The second of my vulnerability scares was of moving back home after university. I hated the idea of knowing that I would have to go back in the closet to some extent. Living in an environment where I could be open and free to be who I am to then going back to the place of where I tried so desperately to escape from in the first place proved to be more draining than I felt comfortable in letting on. The shame in this I felt was because every time someone would praise the work I do or who I am, inside, I felt like a cheat because even now I still struggle in being open with who I am. I understand the great importance and need of being a visible person who is Black, queer, religious and a woman because having someone that looks like you or has similar beliefs is a massive lifeline when you feel so lost and alone in the journey of self-discovery. That visibility saves lives. That visibility is often incredibly hard and draining to fill for many people especially if they face multiple levels of discrimination. Hopefully, one day, I will get there fully and not even to satisfy my own desire of belonging but rather to be that light for someone at the end of the dark tunnel of self-discovery. To let them know, that they are not alone and that there is always hope and indeed light and warmth waiting for them.
In reality though, the move wasn’t all that bad and actually I am putting to use my years at university especially in conflict and difficult situation resolution. I am increasingly understanding the importance of dealing with different situations in the most diplomatic and most sustainable way rather than going in all-guns-blazing as I often do.
In both instances I felt vulnerable and shame too. I felt vulnerable in telling someone how I really felt and I had shame in the fact that as a queer Black feminist Muslim I still, even now, find it difficult to be who I am in my culture and religion even though I have reconciled them. The biggest comfort when talking about vulnerability and shame was when my friend replied ‘me too’. Brené is right… Knowing that other people are going through a similar situation is incredibly comforting because when they listen and offer you advice you know they are truly able to understand and empathise with how you feel. The vulnerability that I felt when talking to my friend about these two issues was difficult to say the least but I knew that it was important to carry on even through the sweating (attractive, I know (!)), the shaking and feeling of exposure when talking about things close to my heart, my deepest fears, regret, guilt and shame.
Before I forget, here are the links to the talks:
‘The Power of Vulnerability’: http://www.ted.com/talks/lang/en/brene_brown_on_vulnerability.html
‘Listening to Shame’: http://www.ted.com/talks/lang/en/brene_brown_listening_to_shame.html
So after some (much, here’s the shame again…) crying, pausing and distraction I have finally finished this entry on vulnerability and shame.
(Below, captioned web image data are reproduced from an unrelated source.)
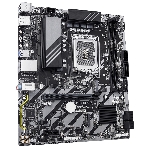 Материнская плата Gigabyte B860M E Soc-1851 Intel B860 2xDDR5 mATX AC`97 8ch(7.1) GbLAN RAID+HDMI+DP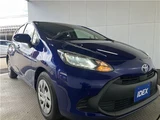 2023 Toyota Aqua Sedan for sale, Japanese used car export - photo 46 of 57 | GULJI TRADERS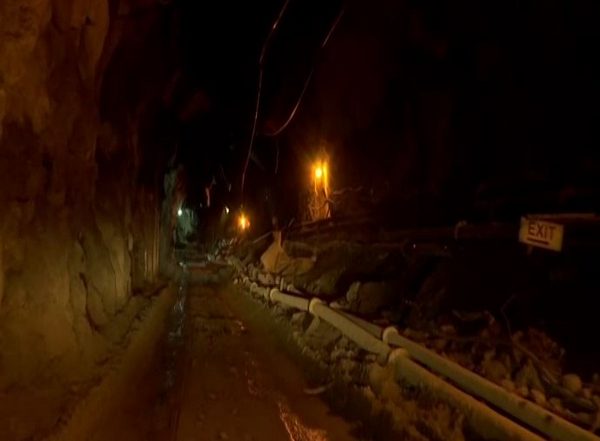India News | Wrong to Relate the Situation in Joshimath with Tapovan Power Project, Says NTPC Official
I hope and pray that you find comfort and indeed solace in realising that vulnerability and shame are natural and indeed imperative in being able to grow as individuals. Vulnerability and shame may be somewhat scary but they shouldn’t be stigmatised and deemed as negative emotions to hide away from. I hope that I, or rather Brené Brown has given you some food for thought. Whilst you ponder over those thoughts I shall be recovering from my ‘vulnerability hangover’.